Schwartz was frank with his fellow creators about his inability to "get his head around" the character he'd inherited from his friend Weisinger. His first act was to bring in writer Dennis "Denny" O'Neil, who'd spent the previous years contemporizing characters such as Wonder Woman and Green Arrow and attempting to wrest the character of Batman from under the long shadow of the '60s TV show.
O'Neil shared his editor's ambivalence, because he figured that such a high-profile character would come with too many corporate strings attached. He also found it difficult to get excited about a character who could see through time and blow out a star. "How do you write stories about a guy who can destroy a galaxy by listening hard?" O'Neil famously joked.
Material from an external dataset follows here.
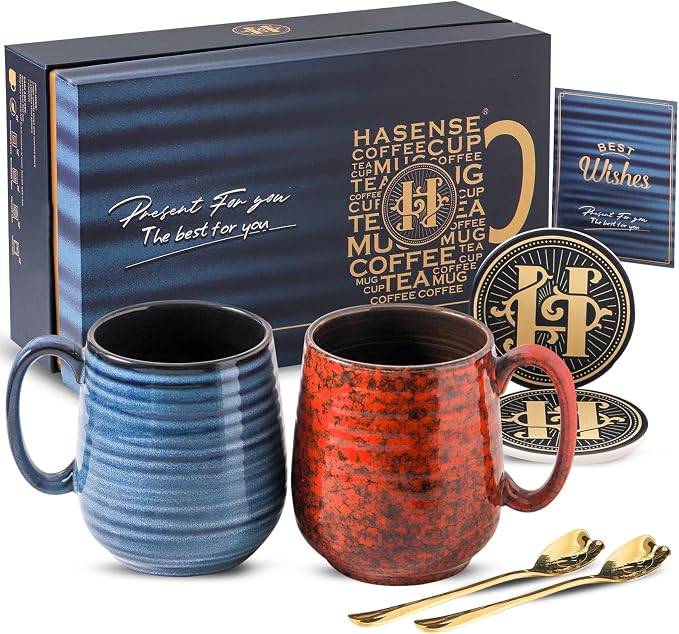HASENSE Ceramic Coffee Mug Set of 2, 20 Oz Tea Cups for Women and Men, Handmade Large Latte Mugs with Handle, Gift Box with Coaster & Gold Spoon, Perfect for Christmas Thanksgiving, Blue & Red by Hasense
Schwartz and O'Neil resolved to depower the Man of Steel, taking him back to World War II-era levels. The key, they decided, was to let readers see him struggle again.
Fortress of Lassitude
Off in the pages of Adventure, meanwhile, Supergirl attended college and experimented with new Super-outfits, settling on a mini-skirt with a chain belt and a pair of red thigh-high boots in October 1970 (Adventure #397). It was the first of many costume changes the Maid of Might would experience. Unlike Wonder Woman or Batgirl, whose looks remained largely unchanged for decades, concerted efforts were made to ensure that Supergirl reflected the fashions of the times. Yet, of course, those times, and hemlines, continually changed, necessitating a constant cycle of new Supergirl looks and hairstyles. As the years progressed, miniskirt would give way to hot pants, a tunic to a V-necked blouse, short blond locks to a riotous perm.
The Man of Steel had a harder time keeping up with the fashions—and the social issues—of the day. His writers' uneasy relationship with the new passion for relevance in storylines is never more clearly displayed than in Robert Kanigher 's Lois Lane story "I Am Curious (Black)" (Superman's Girl Friend Lois Lane #106, November 1970). Looking past the appropriateness of the title—a nod to a then scandalous 1967 film full of nudity and sex—this tale of Lois Lane is a well-meaning but ham-fisted puzzle.
Lois decides to visit Little Africa, "Metropolis' black community" in the hopes of "get[ting] the Pulitzer Prize for telling it like it is! The nitty-gritty no newspaper ever printed before!" Arriving in the black neighborhood, she finds herself shunned by locals. "Look at her, brothers and sisters! She's young and sweet and pretty! But never forget. She's Whitey!" Undaunted, Lois gets Superman to expose her to a narratively convenient piece of Kryptonian technobabble.
Superman: Are you sure you want to step inside the plastimold, Lois? Do you know what's going to happen when I pull the switch of the Transformoflux pack?
The machine turns Lois into a black woman, and she returns to the community that wouldn't speak to her before, only to have a taxi refuse to pick her up and to suffer the suspicious stares of white people on the subway. She sees firsthand both the appalling conditions conditions of life in Metropolis's slums and the selfless warmth of its residents. Her eyes opened, Lois confronts Superman.